**Directions for this task:**
What you return must be every line below that includes the word "chatting".

──────────

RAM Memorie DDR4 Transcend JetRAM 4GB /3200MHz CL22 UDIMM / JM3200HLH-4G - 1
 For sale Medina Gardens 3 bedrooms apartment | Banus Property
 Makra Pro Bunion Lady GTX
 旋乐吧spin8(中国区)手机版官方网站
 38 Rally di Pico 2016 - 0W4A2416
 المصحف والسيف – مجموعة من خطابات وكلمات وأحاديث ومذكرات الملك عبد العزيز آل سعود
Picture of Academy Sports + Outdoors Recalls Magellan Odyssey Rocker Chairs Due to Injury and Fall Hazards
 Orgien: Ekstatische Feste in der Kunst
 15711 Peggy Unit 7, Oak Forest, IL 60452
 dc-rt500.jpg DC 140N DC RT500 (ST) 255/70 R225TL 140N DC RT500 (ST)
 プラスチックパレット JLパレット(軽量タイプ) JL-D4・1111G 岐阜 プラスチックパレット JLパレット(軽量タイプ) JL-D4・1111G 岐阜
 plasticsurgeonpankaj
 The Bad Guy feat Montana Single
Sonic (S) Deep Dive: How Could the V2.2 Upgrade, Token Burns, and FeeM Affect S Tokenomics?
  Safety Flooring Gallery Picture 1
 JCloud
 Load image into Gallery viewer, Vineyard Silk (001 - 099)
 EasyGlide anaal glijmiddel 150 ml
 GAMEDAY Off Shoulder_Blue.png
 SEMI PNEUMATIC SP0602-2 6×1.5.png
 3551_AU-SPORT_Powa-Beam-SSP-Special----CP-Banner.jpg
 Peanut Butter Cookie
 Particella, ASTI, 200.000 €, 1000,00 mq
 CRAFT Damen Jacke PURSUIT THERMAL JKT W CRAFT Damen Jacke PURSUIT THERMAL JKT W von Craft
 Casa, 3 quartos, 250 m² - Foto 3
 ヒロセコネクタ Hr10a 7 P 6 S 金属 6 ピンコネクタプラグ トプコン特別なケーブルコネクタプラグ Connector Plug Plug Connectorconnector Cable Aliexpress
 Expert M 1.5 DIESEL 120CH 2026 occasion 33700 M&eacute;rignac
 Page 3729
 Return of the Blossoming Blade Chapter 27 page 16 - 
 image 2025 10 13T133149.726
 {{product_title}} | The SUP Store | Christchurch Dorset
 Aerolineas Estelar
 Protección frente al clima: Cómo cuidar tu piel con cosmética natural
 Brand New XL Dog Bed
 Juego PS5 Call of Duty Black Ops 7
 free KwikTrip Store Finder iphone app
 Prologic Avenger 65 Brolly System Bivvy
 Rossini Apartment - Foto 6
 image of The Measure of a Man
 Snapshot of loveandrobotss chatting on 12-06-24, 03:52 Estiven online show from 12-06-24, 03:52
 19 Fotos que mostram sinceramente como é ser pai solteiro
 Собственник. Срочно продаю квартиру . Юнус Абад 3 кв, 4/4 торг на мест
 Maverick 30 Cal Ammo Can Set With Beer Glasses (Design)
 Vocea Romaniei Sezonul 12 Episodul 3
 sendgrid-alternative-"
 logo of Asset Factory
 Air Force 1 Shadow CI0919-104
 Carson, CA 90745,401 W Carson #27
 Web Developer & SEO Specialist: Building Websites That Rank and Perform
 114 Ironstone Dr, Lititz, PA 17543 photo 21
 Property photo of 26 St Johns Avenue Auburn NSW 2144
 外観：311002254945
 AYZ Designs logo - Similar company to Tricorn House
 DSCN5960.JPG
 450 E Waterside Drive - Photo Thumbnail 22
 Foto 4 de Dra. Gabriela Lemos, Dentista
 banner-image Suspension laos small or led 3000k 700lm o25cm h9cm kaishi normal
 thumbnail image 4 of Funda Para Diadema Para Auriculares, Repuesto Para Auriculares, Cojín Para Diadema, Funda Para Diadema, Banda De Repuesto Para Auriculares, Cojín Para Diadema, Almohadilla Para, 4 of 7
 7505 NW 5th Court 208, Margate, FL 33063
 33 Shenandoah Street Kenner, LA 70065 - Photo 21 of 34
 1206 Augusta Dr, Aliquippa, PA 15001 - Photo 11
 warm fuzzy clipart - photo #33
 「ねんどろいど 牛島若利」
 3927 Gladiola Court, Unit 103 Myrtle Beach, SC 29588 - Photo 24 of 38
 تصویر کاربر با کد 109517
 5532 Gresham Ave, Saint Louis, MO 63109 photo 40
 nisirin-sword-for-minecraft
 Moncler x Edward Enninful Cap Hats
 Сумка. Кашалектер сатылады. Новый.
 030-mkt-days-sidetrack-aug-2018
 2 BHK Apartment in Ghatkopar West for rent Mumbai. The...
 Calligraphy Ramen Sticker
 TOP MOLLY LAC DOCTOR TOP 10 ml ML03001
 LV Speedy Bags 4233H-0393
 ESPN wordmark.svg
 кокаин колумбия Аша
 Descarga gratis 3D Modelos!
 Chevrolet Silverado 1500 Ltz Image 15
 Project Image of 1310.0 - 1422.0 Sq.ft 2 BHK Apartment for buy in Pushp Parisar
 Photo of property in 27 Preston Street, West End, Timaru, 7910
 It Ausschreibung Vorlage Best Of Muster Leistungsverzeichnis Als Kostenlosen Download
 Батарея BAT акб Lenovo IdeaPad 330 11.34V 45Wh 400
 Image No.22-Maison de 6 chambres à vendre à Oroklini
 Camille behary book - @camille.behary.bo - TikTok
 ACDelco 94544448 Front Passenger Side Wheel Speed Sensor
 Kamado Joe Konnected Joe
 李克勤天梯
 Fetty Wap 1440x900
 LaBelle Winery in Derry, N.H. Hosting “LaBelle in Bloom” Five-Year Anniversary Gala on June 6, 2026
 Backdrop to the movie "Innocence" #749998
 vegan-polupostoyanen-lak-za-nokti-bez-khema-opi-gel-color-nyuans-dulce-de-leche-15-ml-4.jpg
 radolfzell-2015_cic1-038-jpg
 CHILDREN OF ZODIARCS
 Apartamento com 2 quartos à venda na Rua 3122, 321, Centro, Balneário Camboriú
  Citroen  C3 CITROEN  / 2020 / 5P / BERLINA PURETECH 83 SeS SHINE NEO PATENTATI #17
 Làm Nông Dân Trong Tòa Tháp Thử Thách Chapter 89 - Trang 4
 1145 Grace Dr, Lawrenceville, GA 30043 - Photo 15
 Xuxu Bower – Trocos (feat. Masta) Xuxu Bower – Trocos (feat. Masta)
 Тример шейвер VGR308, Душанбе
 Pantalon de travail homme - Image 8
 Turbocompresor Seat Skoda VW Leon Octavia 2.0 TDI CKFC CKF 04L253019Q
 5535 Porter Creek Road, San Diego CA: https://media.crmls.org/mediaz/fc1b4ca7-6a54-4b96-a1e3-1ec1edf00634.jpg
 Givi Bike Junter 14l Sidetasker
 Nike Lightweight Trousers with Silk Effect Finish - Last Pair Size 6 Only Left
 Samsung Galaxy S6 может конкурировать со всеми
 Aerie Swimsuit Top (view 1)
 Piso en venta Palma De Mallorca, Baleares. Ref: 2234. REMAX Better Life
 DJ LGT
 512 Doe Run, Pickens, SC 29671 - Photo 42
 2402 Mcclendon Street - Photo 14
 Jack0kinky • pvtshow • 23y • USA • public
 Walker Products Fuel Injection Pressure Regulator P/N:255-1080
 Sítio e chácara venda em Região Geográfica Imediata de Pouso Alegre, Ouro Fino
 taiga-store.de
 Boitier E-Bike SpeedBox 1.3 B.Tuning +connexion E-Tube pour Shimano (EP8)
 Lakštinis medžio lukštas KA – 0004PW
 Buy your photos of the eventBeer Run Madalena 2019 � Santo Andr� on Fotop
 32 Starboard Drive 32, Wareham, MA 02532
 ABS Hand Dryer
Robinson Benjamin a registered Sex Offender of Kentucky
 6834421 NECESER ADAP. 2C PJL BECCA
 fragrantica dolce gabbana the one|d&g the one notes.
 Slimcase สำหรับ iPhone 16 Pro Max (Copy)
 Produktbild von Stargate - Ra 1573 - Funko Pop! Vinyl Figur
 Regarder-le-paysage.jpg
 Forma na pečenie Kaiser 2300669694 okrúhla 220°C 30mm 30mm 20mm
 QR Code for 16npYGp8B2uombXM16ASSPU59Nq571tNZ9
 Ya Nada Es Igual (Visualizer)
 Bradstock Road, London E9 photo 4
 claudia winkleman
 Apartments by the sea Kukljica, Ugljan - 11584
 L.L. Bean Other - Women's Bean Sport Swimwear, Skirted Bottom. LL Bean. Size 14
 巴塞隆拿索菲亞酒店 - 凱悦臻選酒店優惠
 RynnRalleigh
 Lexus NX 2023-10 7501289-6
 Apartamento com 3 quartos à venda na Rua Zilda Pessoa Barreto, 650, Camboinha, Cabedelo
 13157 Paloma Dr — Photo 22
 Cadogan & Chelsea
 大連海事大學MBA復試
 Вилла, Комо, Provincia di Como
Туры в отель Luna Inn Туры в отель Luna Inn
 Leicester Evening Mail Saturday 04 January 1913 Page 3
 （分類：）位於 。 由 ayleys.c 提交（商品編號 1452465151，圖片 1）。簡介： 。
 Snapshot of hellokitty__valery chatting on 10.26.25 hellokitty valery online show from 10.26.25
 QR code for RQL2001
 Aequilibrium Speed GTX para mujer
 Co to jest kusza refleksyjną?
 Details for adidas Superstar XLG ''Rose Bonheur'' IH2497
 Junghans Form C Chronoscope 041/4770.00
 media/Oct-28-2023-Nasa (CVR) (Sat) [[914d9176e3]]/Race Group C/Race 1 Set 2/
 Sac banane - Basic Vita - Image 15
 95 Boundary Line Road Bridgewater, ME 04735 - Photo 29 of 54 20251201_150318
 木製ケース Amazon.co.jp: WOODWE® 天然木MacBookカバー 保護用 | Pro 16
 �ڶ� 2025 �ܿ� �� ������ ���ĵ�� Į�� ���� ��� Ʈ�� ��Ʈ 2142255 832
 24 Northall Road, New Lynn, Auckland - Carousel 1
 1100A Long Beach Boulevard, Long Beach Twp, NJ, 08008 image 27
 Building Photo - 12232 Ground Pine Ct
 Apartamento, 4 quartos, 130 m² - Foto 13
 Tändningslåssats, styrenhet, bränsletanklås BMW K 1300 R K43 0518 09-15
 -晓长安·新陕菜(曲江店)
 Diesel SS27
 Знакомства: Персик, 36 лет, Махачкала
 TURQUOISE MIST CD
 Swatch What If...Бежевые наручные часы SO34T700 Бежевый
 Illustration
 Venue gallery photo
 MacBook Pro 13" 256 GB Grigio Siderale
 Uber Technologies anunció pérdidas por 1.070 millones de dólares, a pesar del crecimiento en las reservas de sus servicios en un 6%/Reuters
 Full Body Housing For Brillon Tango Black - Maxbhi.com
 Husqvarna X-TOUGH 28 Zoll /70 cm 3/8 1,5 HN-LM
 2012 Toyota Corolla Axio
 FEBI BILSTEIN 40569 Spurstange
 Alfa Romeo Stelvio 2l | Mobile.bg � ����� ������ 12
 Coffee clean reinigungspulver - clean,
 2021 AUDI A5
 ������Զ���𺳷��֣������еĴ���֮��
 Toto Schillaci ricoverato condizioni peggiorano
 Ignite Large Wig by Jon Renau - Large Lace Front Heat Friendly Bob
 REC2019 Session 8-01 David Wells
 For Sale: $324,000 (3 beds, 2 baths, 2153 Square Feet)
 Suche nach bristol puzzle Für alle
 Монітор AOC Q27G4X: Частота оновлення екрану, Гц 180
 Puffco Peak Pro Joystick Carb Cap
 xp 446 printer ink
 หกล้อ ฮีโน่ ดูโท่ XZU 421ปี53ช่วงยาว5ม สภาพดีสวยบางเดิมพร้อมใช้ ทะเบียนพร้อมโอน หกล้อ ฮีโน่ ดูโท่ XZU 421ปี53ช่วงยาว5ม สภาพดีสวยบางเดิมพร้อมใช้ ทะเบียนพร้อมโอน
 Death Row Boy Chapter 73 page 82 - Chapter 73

──────────

**Written answer:**
 Snapshot of loveandrobotss chatting on 12-06-24, 03:52 Estiven online show from 12-06-24, 03:52
 Snapshot of hellokitty__valery chatting on 10.26.25 hellokitty valery online show from 10.26.25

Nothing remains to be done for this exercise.